Once you find the line with "Killys Kids Pink Rainbow Adjustable Bracelet" in the entries below, print it and each line after it up to and including the line with "LIKEMET 6 Tier Wooden Corner Bookshelves", exactly, without pictures.

* Provided data

_ _ _

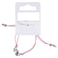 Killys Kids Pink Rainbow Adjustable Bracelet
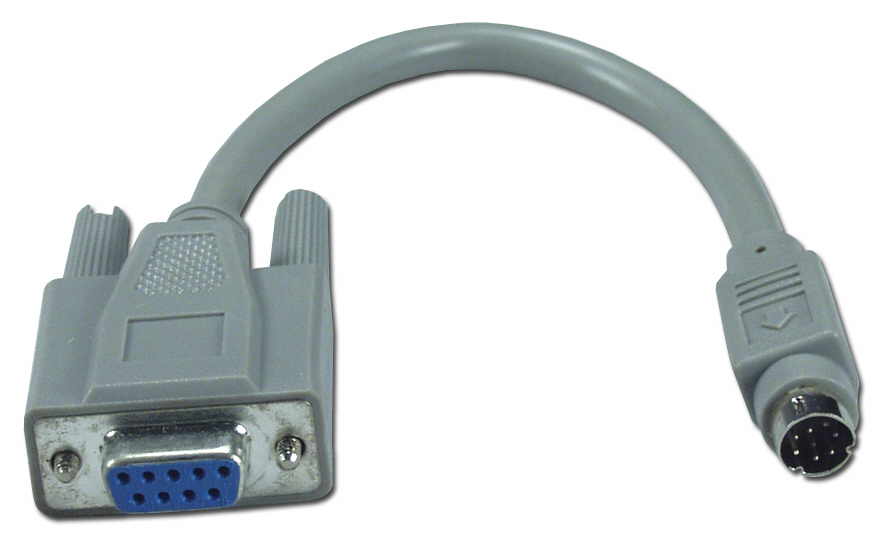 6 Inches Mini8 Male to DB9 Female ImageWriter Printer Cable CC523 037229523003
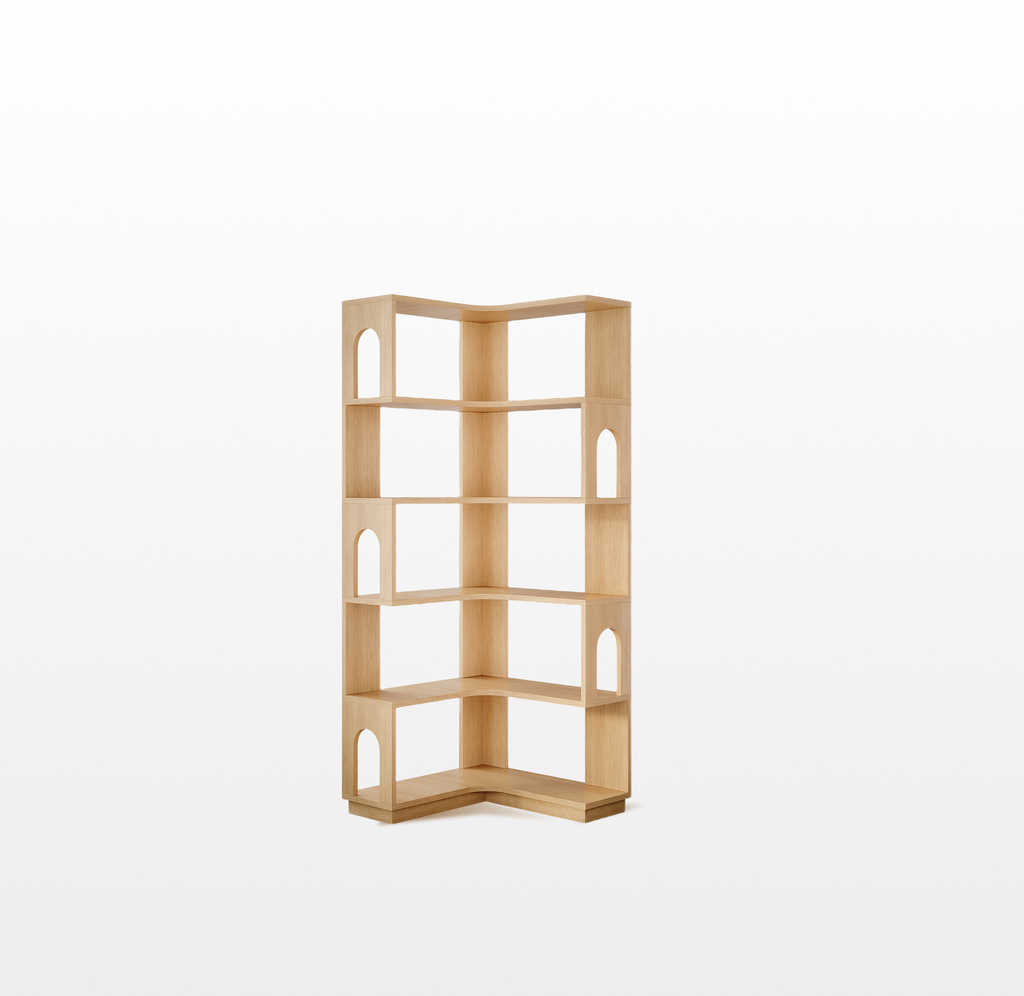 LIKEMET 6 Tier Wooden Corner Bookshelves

_ _ _

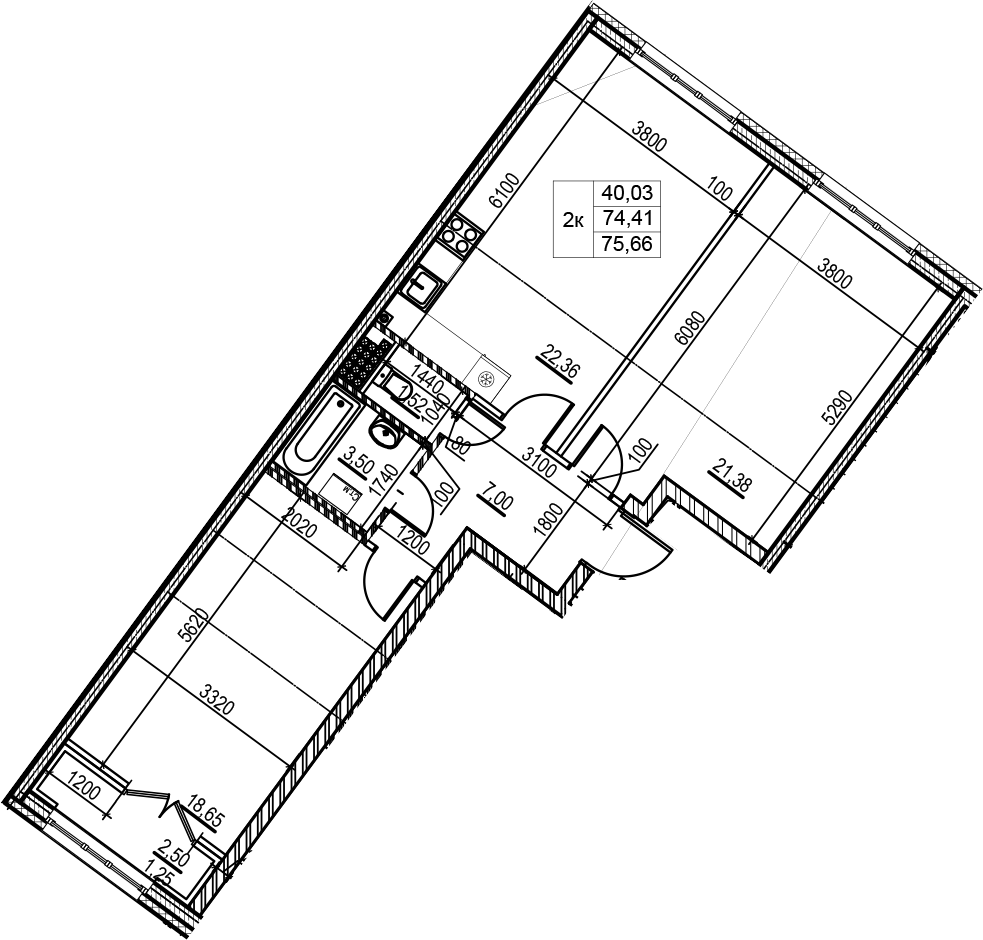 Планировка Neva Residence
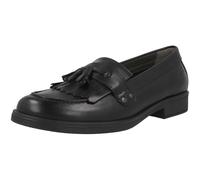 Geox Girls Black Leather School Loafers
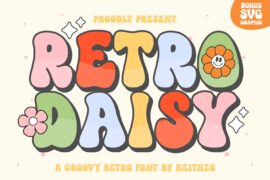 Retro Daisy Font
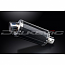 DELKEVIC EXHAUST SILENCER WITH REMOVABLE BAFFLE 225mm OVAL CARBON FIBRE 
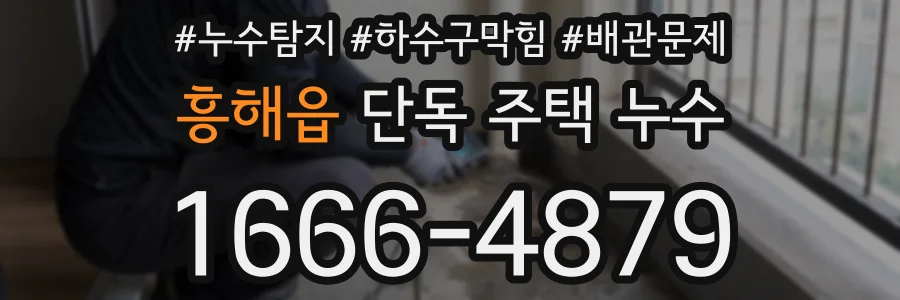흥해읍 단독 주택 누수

_ _ _

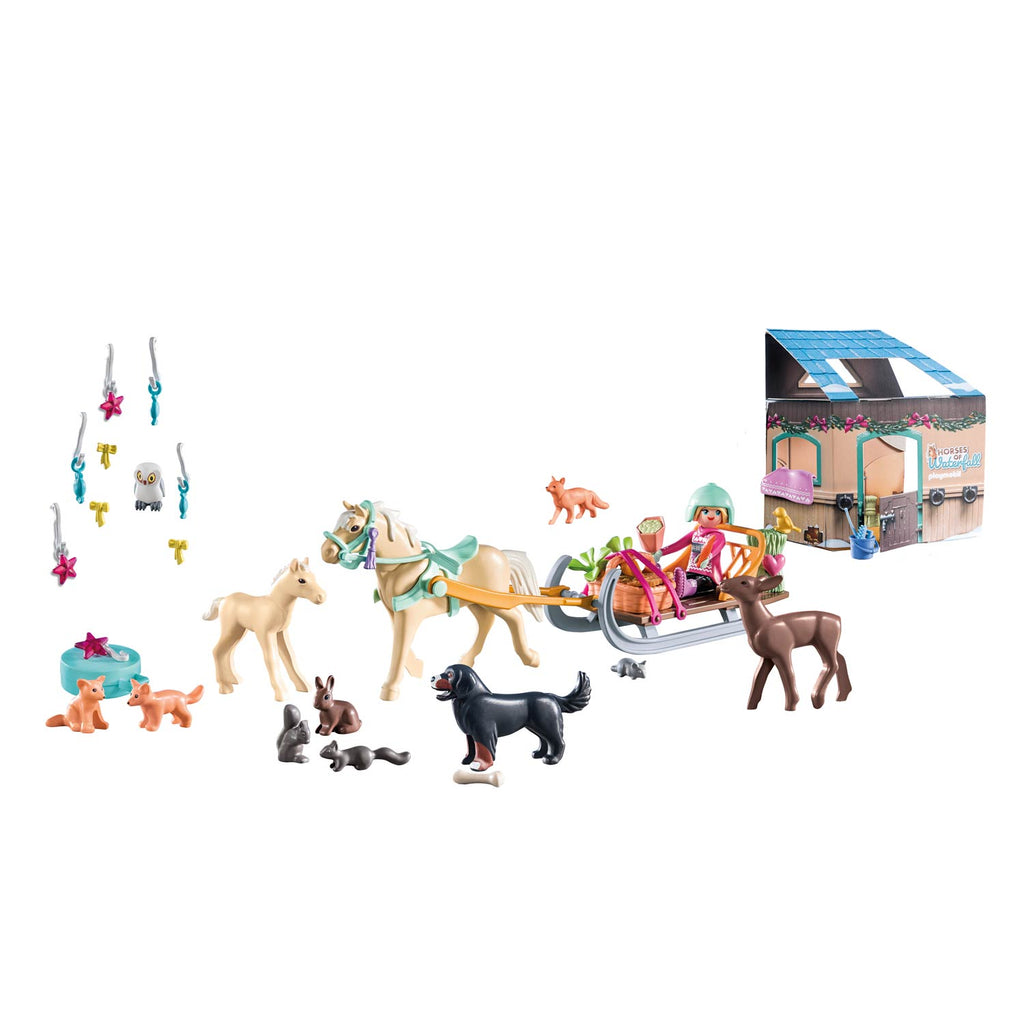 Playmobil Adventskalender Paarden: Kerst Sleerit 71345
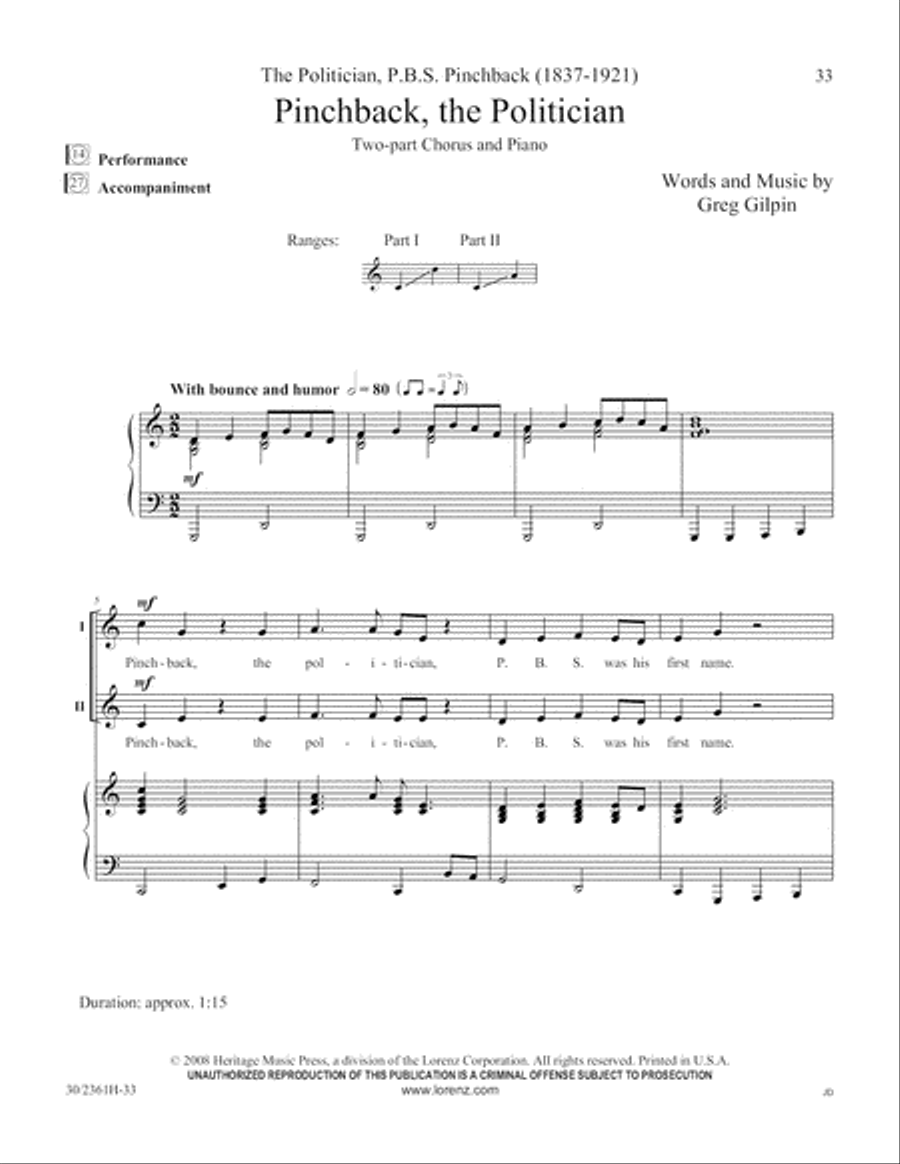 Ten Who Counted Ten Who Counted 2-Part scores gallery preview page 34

_ _ _

* Answer for the task
 Killys Kids Pink Rainbow Adjustable Bracelet
 6 Inches Mini8 Male to DB9 Female ImageWriter Printer Cable CC523 037229523003
 LIKEMET 6 Tier Wooden Corner Bookshelves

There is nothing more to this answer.